Hopefully this will help users find a lot of interesting content across the network, despite the home instance not federating with a particular community yet.
Such a list was something that was sorely missed when the NRSK administrator first became a user on the lemmyverse, and quite so after creating a new and isolated instance.
As mentioned, it is an unofficial site and if the devs disapprove, I can make the “unofficialness” of it clearer or discuss how we can make it work.
Manually sorting, cataloguing and estimating activity on 283 communities sure was something.
That’s why everybody is welcome to contribute to the list by submitting your own suggestions and corrections in the linked community. As of now the list is curated manually, I assume I’ve made several errors - Particularly when it comes to what “Topic” the different communities belong in.
Yes, you can sort nearly 300 communities by:
- Topic
- Name
- Instance
- Activity
- Recommendation
A lot of it could have been scraped the first time around I assume, but then there’d be no sorting by topic for sure.

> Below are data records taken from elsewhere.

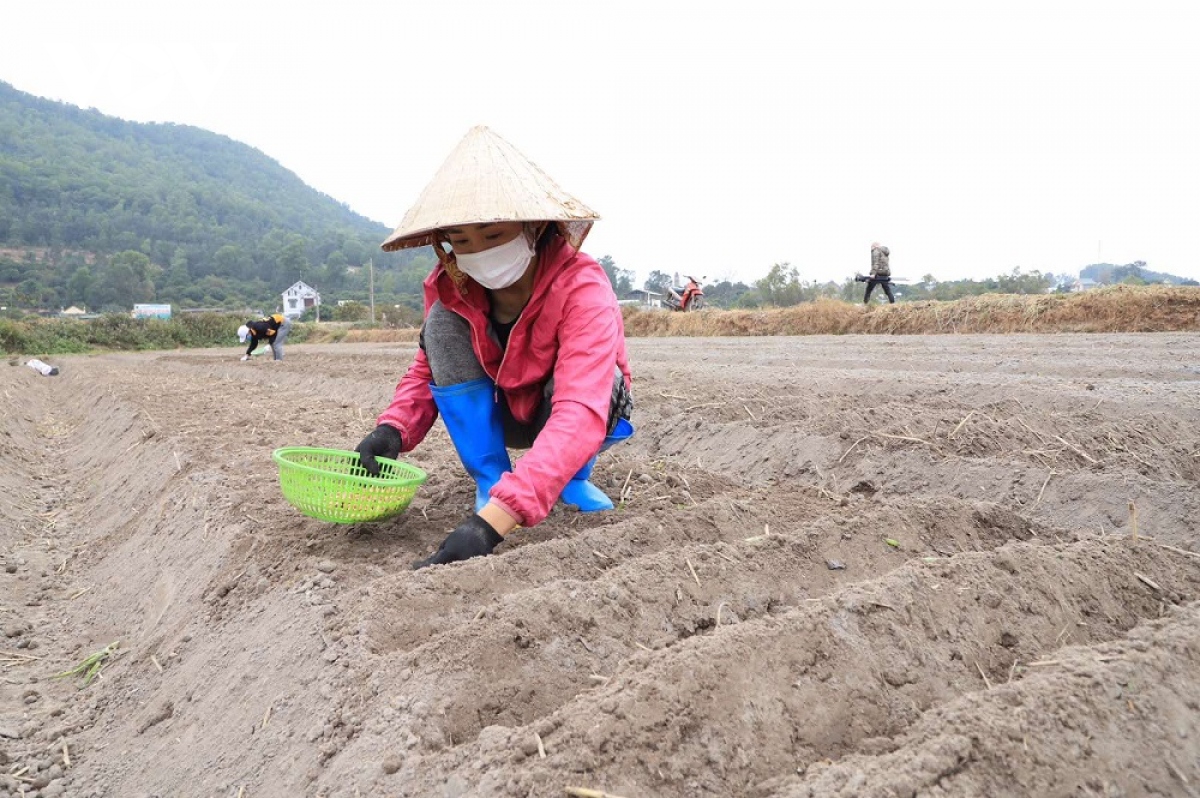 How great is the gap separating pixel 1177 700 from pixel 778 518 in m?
1.31

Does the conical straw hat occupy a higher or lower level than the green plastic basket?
higher

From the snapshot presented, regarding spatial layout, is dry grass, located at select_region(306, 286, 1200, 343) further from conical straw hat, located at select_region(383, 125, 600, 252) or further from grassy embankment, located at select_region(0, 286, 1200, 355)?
conical straw hat, located at select_region(383, 125, 600, 252)

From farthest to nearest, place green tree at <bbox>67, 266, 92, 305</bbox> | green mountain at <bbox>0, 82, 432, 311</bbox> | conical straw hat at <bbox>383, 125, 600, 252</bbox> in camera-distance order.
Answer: green mountain at <bbox>0, 82, 432, 311</bbox> → green tree at <bbox>67, 266, 92, 305</bbox> → conical straw hat at <bbox>383, 125, 600, 252</bbox>

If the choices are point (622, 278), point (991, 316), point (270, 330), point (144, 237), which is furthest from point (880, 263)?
point (144, 237)

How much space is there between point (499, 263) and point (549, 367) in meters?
0.39

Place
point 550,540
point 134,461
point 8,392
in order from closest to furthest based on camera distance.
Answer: point 550,540 → point 134,461 → point 8,392

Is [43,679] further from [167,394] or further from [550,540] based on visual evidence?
[167,394]

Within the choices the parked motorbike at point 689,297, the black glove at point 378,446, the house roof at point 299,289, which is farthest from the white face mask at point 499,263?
the house roof at point 299,289

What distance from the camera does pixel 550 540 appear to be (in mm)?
2324

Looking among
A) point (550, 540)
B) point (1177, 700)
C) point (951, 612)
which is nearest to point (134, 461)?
point (550, 540)

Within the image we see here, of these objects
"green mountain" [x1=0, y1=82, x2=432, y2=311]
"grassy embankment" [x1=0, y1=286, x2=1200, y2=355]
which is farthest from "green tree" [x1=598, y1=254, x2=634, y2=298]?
"grassy embankment" [x1=0, y1=286, x2=1200, y2=355]

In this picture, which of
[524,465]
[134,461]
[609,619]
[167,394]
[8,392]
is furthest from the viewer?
[8,392]

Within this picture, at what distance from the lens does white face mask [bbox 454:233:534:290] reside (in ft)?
7.59

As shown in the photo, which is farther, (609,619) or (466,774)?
(609,619) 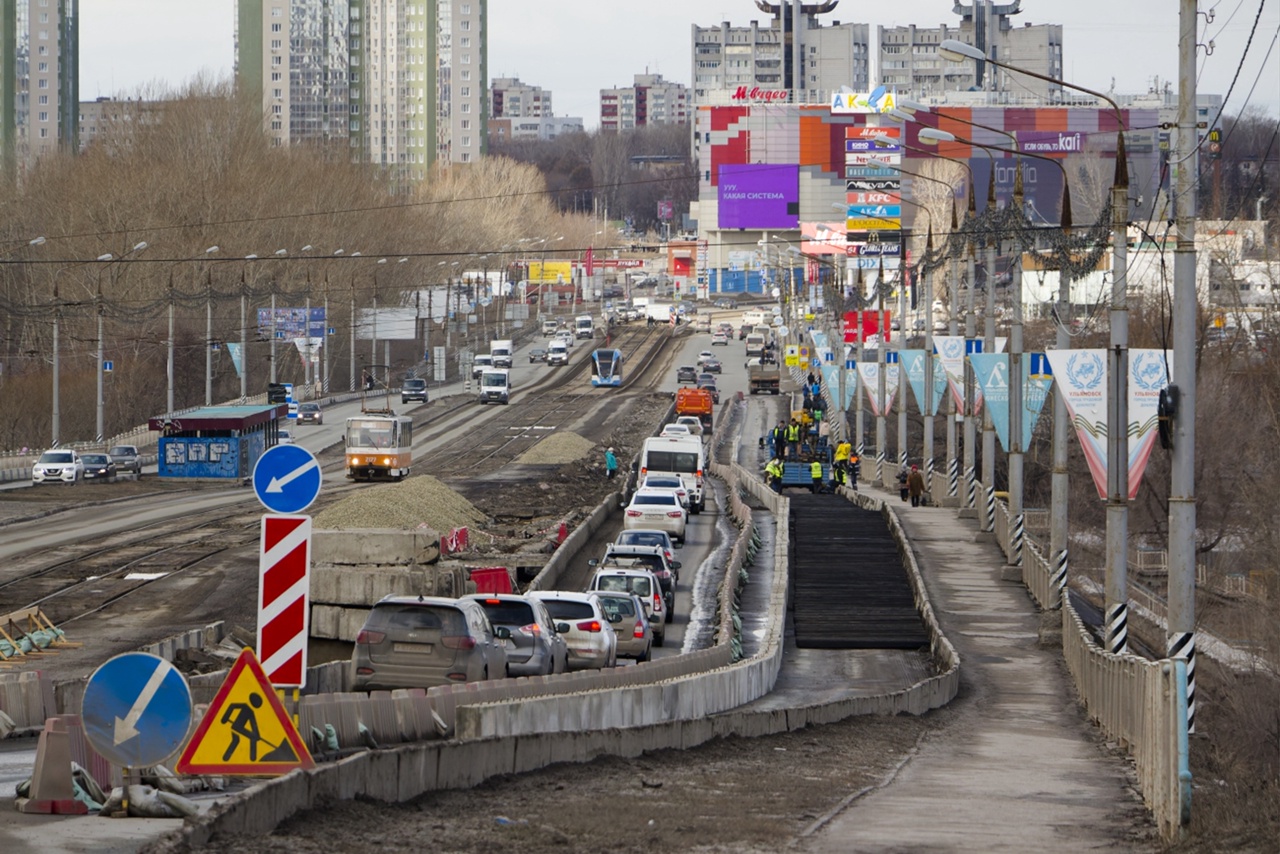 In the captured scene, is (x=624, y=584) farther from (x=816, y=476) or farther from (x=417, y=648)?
(x=816, y=476)

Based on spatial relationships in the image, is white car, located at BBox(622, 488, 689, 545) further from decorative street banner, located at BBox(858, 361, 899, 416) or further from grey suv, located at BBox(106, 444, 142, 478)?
grey suv, located at BBox(106, 444, 142, 478)

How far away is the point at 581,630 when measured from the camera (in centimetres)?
2522

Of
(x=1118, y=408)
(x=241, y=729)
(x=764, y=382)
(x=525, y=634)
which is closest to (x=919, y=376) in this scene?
(x=1118, y=408)

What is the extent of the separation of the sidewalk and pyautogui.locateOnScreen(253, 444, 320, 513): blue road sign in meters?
3.86

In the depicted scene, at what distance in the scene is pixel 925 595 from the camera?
36438 mm

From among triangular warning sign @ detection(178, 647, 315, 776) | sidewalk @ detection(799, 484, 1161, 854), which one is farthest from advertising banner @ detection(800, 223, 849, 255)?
triangular warning sign @ detection(178, 647, 315, 776)

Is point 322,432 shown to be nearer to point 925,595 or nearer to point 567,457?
point 567,457

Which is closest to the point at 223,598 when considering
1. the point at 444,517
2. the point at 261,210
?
the point at 444,517

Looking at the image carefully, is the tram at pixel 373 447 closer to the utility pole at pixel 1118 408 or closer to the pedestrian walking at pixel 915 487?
the pedestrian walking at pixel 915 487

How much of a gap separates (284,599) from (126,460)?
6030 cm

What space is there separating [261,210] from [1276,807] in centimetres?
11550

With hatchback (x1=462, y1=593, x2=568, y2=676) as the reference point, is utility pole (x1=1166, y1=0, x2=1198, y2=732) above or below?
above

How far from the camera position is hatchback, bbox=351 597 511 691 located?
19938 millimetres

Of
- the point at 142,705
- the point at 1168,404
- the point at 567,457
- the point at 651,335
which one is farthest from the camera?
the point at 651,335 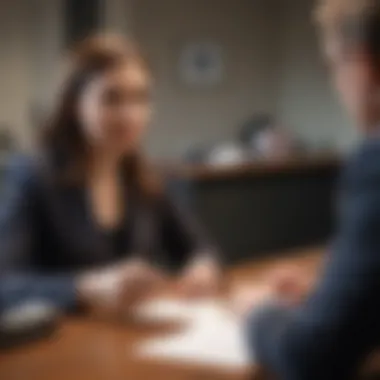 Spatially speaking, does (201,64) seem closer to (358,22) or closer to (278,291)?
(278,291)

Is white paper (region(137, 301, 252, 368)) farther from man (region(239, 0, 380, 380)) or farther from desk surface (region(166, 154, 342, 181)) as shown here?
desk surface (region(166, 154, 342, 181))

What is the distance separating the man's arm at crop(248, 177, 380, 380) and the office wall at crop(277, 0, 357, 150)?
13.0 feet

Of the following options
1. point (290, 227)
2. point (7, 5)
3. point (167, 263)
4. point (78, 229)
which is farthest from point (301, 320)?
point (7, 5)

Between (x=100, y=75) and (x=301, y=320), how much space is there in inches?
36.0

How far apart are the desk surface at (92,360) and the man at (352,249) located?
0.14m

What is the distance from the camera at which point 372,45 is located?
0.85m

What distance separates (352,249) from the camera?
0.85 metres

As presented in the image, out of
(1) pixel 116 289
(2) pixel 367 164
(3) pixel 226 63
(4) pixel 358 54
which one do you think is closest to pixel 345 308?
(2) pixel 367 164

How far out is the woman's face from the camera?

You can visit the “Welcome” community by following the post link or visit https://nrsk.no/c/welcome.
Very well written! I think this is very important to point out, especially for people who assume lemmy.ml and Lemmy are the same or assume it’s the “default” instance.
Here’s a good example for this sort of confusion.
It is cool it is free, decentralized, and federated. But of course naturally there is some privilleged POV coming from upstream development besides lemmy.ml is the most popular. join-lemmy.org lists lemmy.ml as first btw; ideally should be randomized.
The list includes a lot of instances which are essentially inactive, or even full of spam. If the list was randomized, those would often be shown at the top. I think showing most active instances is better, as people will be able to find actual discussions. I would also be open for other sorting suggestions, as long as they dont need manual intervention.
a priority can be implemented to put inactive and unmoderated instances always at the bottom of the category/tag they are listed in, explicitly acknowledging this fact in the interface.
I mentioned that it shouldnt need manual intervention. Otherwise, who will decide which instances count as active? I certainly dont have time for that.
r u sure bout dat?
Popular category. I think it should be random.
I see what you mean, I thought you were talking about when they promoted lemmy.ml first.
I don’t agree with random. People should be able to at least look for a community that suits their interests.
Someone focused on arts and crafts would probably have a better time at fapsi.be. It can be a make-or-break first experience for new users.
If I remember correctly mastodon tags instances? so join-lemmy could do that too and randomize the instances in a category/tag itself, and randomize sorting the categories
What about a “Pick random general instance” button?
Sure. I was even thinking “what if instances are able to set their own tags to really express what they’re all about”? But then I remembered… The servers are able to set their own description that’s shown on join-lemmy.
but descriptions are not as easily filterable. tags, be it set by the servers or not, are simple enough and do a better job at this, while still showing other information like the description.